A contest announcement arrived in the Sandwichman's inbox yesterday. It was from Working America, the "community affiliate" of the AFL-CIO:
Working America is going to be sending two grand prize winners and up to three honorable mention winners to the Good Jobs, Green Jobs National Conference, to be held Feb. 4–6, 2009, in Washington, D.C. Winners won't just get a free trip (up to a value of $1,500), they'll get an opportunity to hear from activists and experts from around the country on how we can create jobs and help the environment at the same time.
To enter, go here and answer the question: "Why do you want to fight for a green jobs economy and why are you the right person to represent Working America's members at the Good Jobs, Green Jobs National Conference?"
So the Sandwichman visited the conference website and perused the agenda. M.S., B.S., Phd. (more of the same BS piled higher and deeper). To remedy the apparent lack of analysis besetting the GJGJ conference, the Sandwichman is offering a prize of his own to contest entrants pointing out the contribution that the reduction of working time can make to a greener economy (see for example, the CEPR paper by David Rosnick and Mark Weisbrot and "Are Shorter Work Hours Good for the Environment? A Comparison of U.S. and European Energy Consumption").
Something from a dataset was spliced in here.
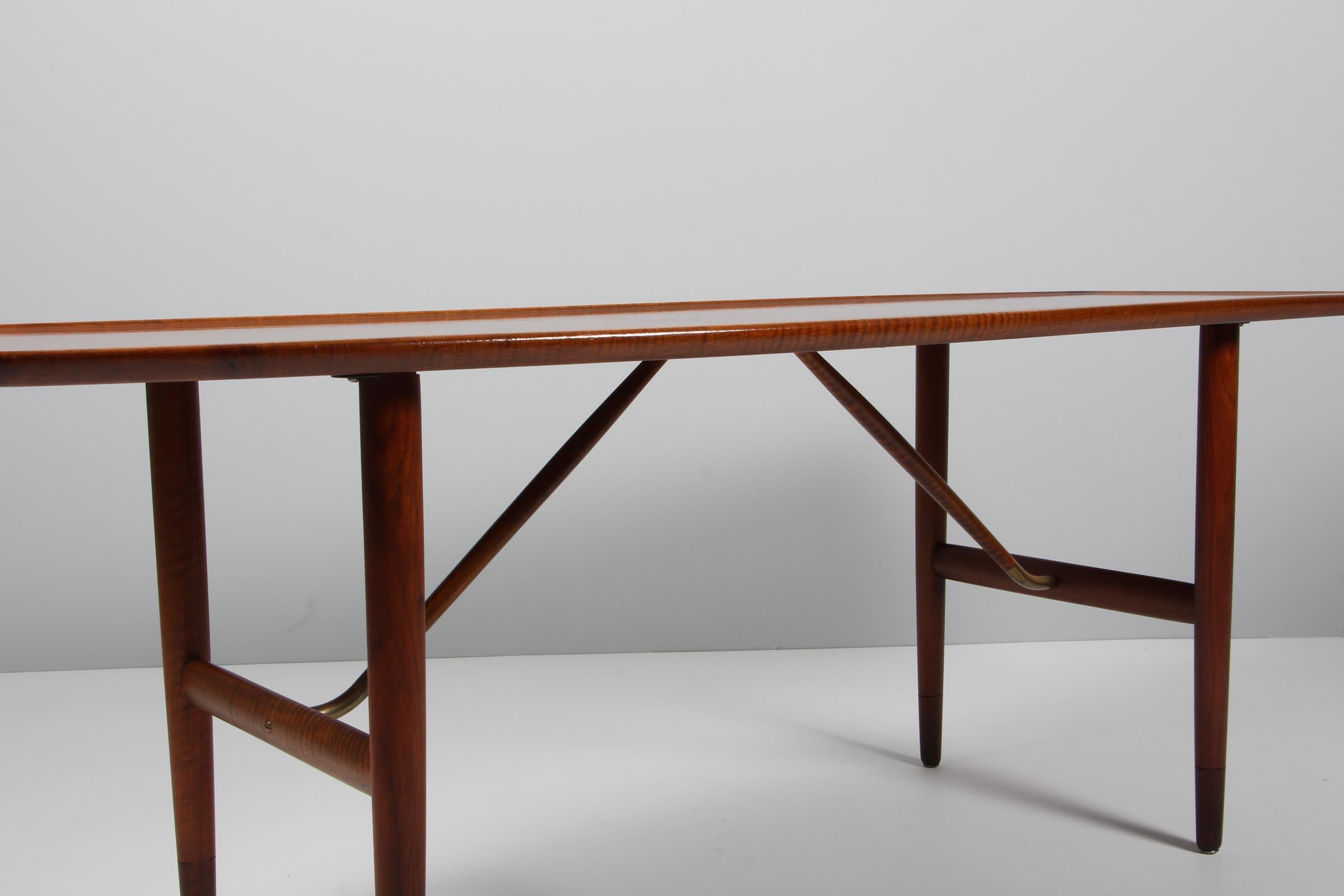 Mid-20th Century Danish Cabinetmaker Coffee Table in Nutwood, 1950s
The Sandwichman will award copies of Peter Victor's book, Managing Without Growth: Slower by design, not disaster to up to six contest entrants who make the environmental case for shorter hours. One of those prizes will go to the entry I like the best and up to five book prizes will go to any shorter hours entries that are selected as finalists by Working America. Just send a copy of your entry to the Sandwichman at "lumpoflabor(remove this)at(this too)telus(ditto)dot(ditto)net".
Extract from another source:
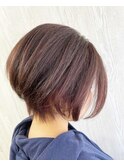 タイトな前下がりショートボブ×ピンクバイオレット♪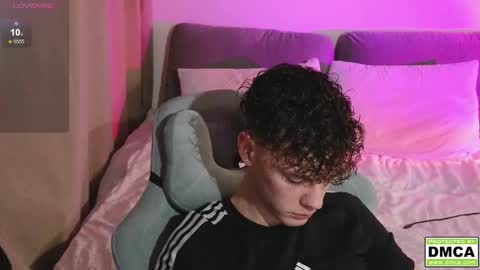 Thomas -  online show from March 5, 6:48 pm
By the way, entries arguing against shorter working time will also be eligible for the prize, if anyone is so inclined! Here's the Sandwichman's own entry (not eligible for the prize):
The name "Good Jobs, Green Jobs" rings a bell. It recalls the theme of an issue of the Canadian environmental magazine, Alternatives, from 2001: "Green Jobs, Good Work." One of the articles, "Good Work, Less Toil" by Anders Hayden, explored the relationship between work, consumerism and the environment. As Hayden pointed out, "much of our work today feeds unsustainable forms of production that torment the planet." That article was concerned with more than just the tension between the slogan of "jobs, jobs, jobs" and the environment. It also addressed the time famine that many over-worked North Americans endure even while others remain underemployed or out of work. Sharing the work is thus an indispensable part of sparing the planet.
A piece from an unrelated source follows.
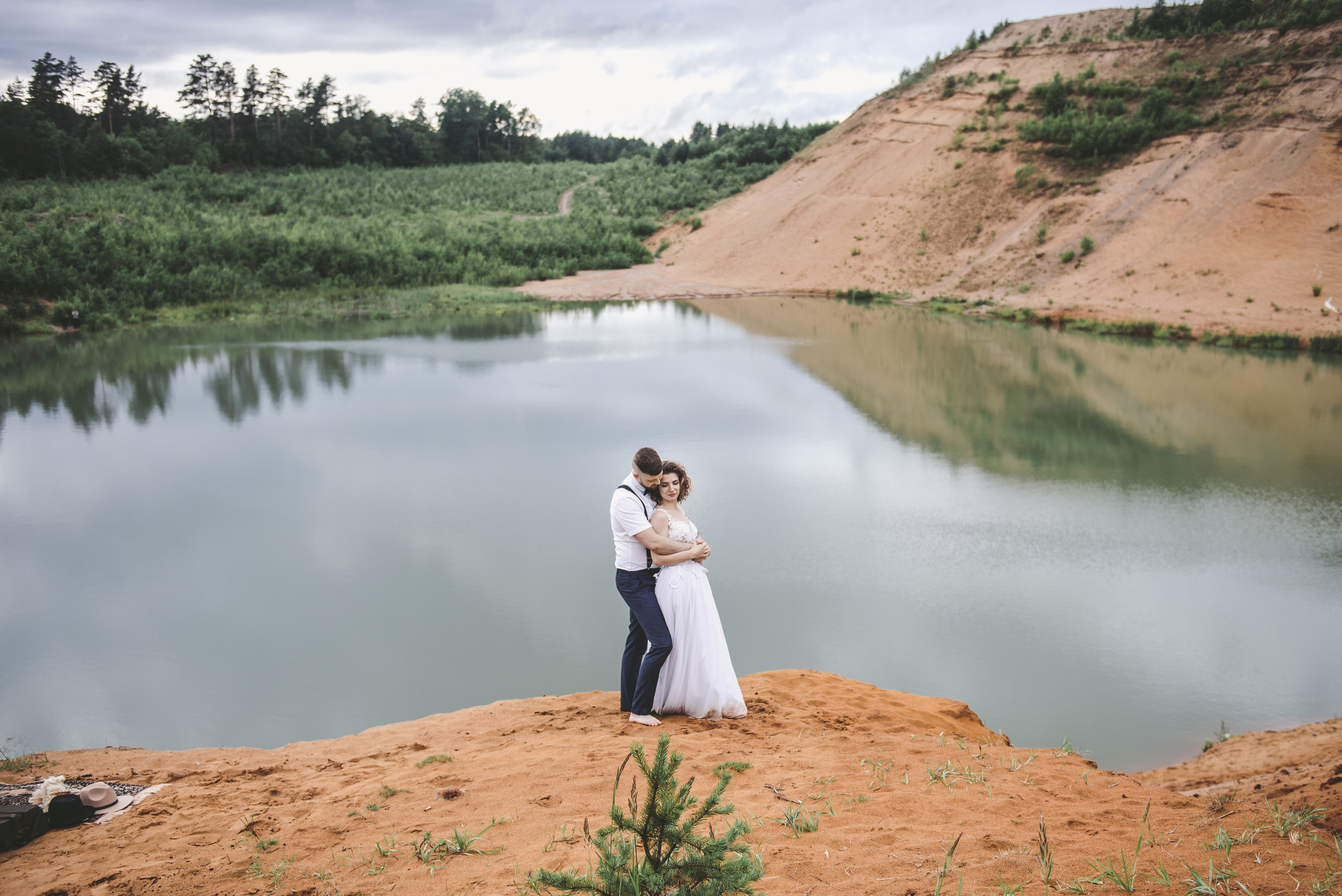 Выездная регистрация на песчаном карьере. Свадебный и семейный фотограф София Невская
The dream of cleanly, efficiently and renewably retrofitting an economy addicted to unlimited growth is seductive but futile. As the 19th economist W. Stanley Jevons predicted -- and American experience in the wake of the energy crisis of the 1970s confirmed -- increasing energy efficiency alone leads to more, not less, total consumption. Similarly, green technologies can indeed lower emissions of greenhouse gases per dollar of output. But it is total emissions -- not just the intensity of emissions -- that need to be reduced. Urgent targets for reducing total emissions are only achievable by combining greener technology with slower or no economic growth.
In Managing Without Growth, Peter Victor, an ecological economist at York University in Canada modeled the effects on the environment, poverty and unemployment of various economic-growth scenarios. If we rely on economic growth averaging 2.5 percent annually to supply jobs, greenhouse gas emissions will increase by around 75 percent over the next 30 years even if the intensity of emissions continues to decline at a rate consistent with the historical trend. Even so, poverty and unemployment will creep upward. Simply ceasing economic growth, however, would result in catastrophic increases in poverty and unemployment. Only by slowing economic growth, reducing working time and targeting investment and regulatory policy on greenhouse gas reductions in combination can the goals of environmental protection and reduction of poverty and unemployment be approached simultaneously.
But how does the reduction of working time square with the goal of creating good jobs? Eighty years ago, economist Raymond Henry Mussey wrote that, "no student of American labor history can fail to be struck with the extraordinary importance of the eight-hour issue in union thinking during the formative years of the American Federation of Labor." Mussey affirmed that the shorter hours theory ideally fit the organizational needs of the labor movement. Indeed, in the face of the depression of the 1930s and concerns about job loss to automation in the 1950s and 1960s, the labor movement returned again and again to the issue of the shorter workweek. Today, what needs above all to be understood is that the reduction of working time creates opportunity for greater freedom and enjoyment through leisure and not a grim necessity to be borne with regret and resignation.